INSTRUCTIONS FOR THE TASK =>
Only one stretch of the material below is wanted: everything from the line containing "cara blue 喀啦 女衬衫 气质修身简约百搭KB221MWB0121" down to the line containing "Zeepblok, Hoofdhuidverzorging 2-in-1", both ends included. Repeat it exactly and skip the pictures.

DATA FOR THIS EXERCISE =>
'''

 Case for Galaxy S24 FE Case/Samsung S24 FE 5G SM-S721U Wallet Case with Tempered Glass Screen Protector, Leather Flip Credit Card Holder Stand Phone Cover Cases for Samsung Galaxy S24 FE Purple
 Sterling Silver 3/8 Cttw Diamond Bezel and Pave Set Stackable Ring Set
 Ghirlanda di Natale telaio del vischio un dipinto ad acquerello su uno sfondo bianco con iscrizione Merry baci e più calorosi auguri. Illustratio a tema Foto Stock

'''
'''

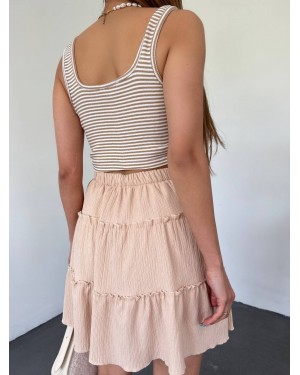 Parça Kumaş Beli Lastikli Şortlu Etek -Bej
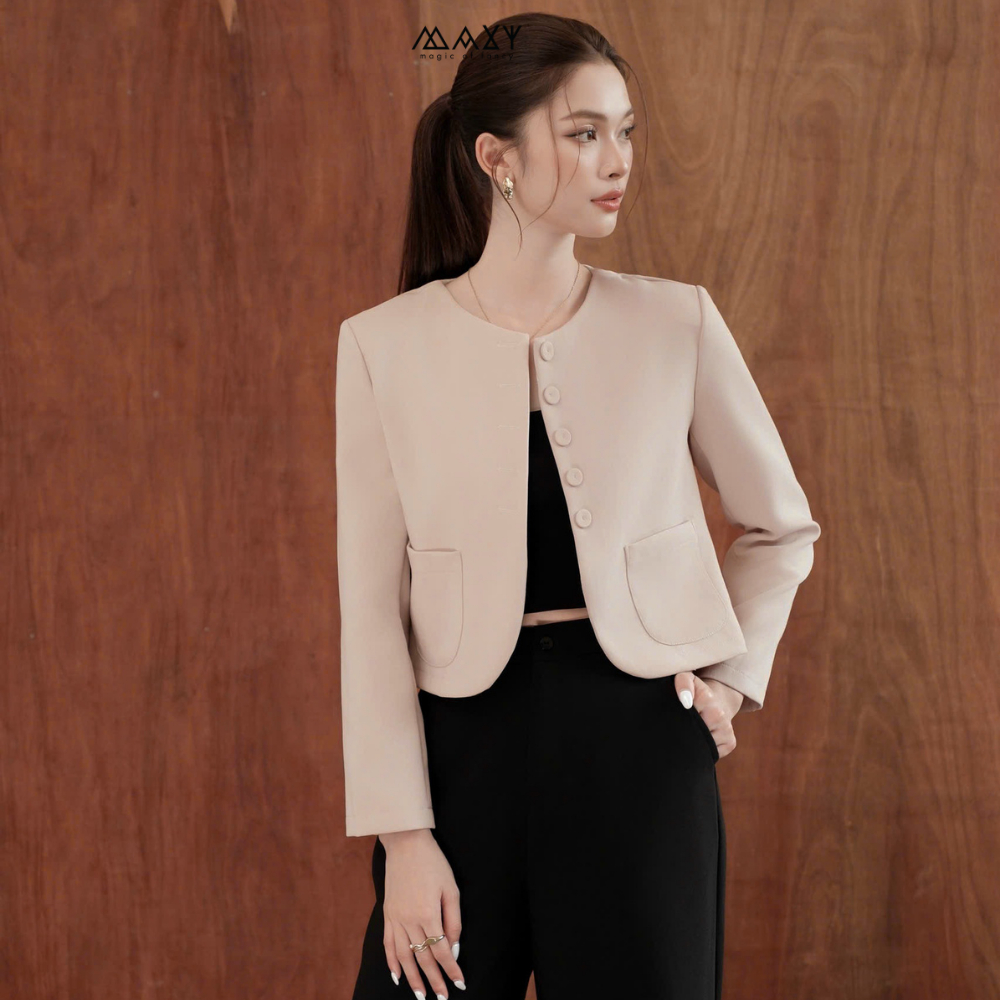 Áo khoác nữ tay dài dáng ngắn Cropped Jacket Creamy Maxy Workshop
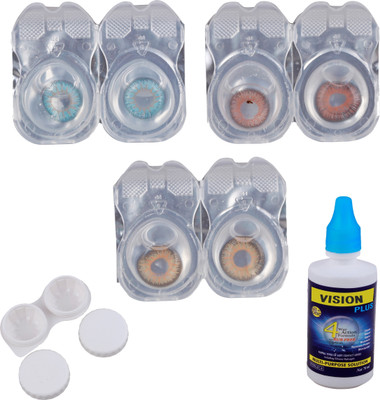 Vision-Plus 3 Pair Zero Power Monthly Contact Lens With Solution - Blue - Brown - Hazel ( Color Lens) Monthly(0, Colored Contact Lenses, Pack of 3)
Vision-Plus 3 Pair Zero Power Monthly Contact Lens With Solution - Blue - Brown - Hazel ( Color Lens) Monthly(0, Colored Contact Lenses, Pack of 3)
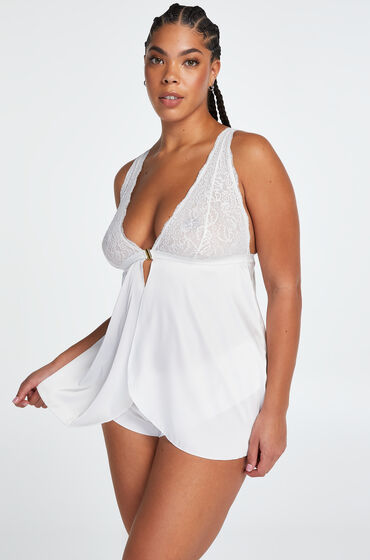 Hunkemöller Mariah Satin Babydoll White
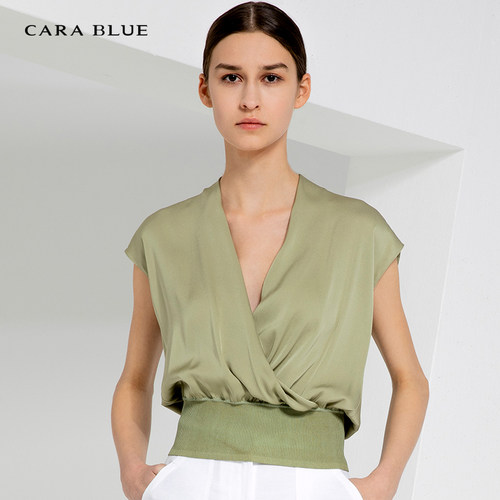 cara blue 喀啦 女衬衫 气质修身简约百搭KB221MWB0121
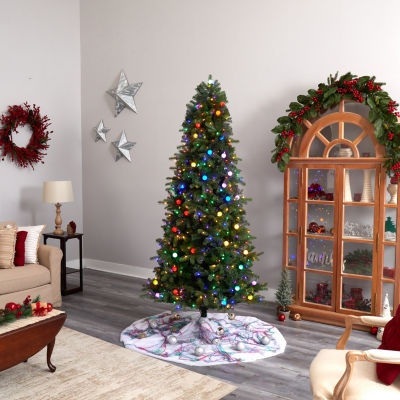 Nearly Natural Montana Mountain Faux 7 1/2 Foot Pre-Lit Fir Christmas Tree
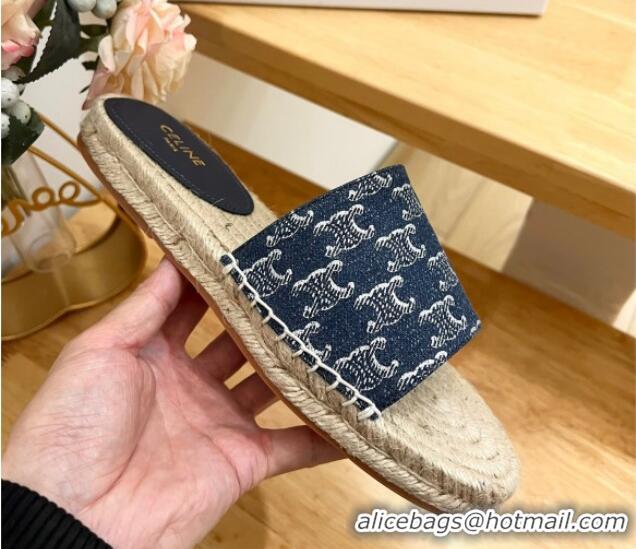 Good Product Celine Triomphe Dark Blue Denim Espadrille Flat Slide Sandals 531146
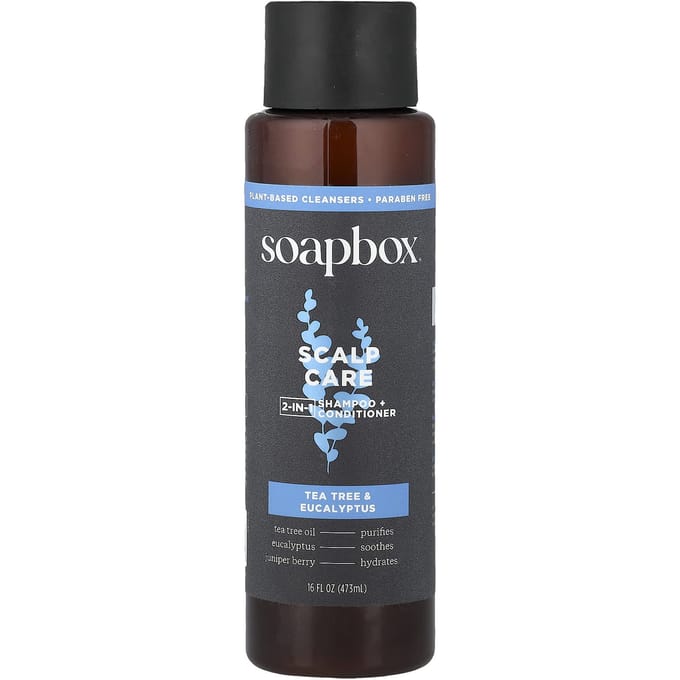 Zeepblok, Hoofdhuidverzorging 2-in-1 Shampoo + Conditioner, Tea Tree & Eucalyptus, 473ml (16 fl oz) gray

'''
'''

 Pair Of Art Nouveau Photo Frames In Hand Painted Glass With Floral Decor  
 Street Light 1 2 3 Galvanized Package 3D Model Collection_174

'''

WRITTEN ANSWER =>
 cara blue 喀啦 女衬衫 气质修身简约百搭KB221MWB0121
 Nearly Natural Montana Mountain Faux 7 1/2 Foot Pre-Lit Fir Christmas Tree
 Good Product Celine Triomphe Dark Blue Denim Espadrille Flat Slide Sandals 531146
 Zeepblok, Hoofdhuidverzorging 2-in-1 Shampoo + Conditioner, Tea Tree & Eucalyptus, 473ml (16 fl oz) gray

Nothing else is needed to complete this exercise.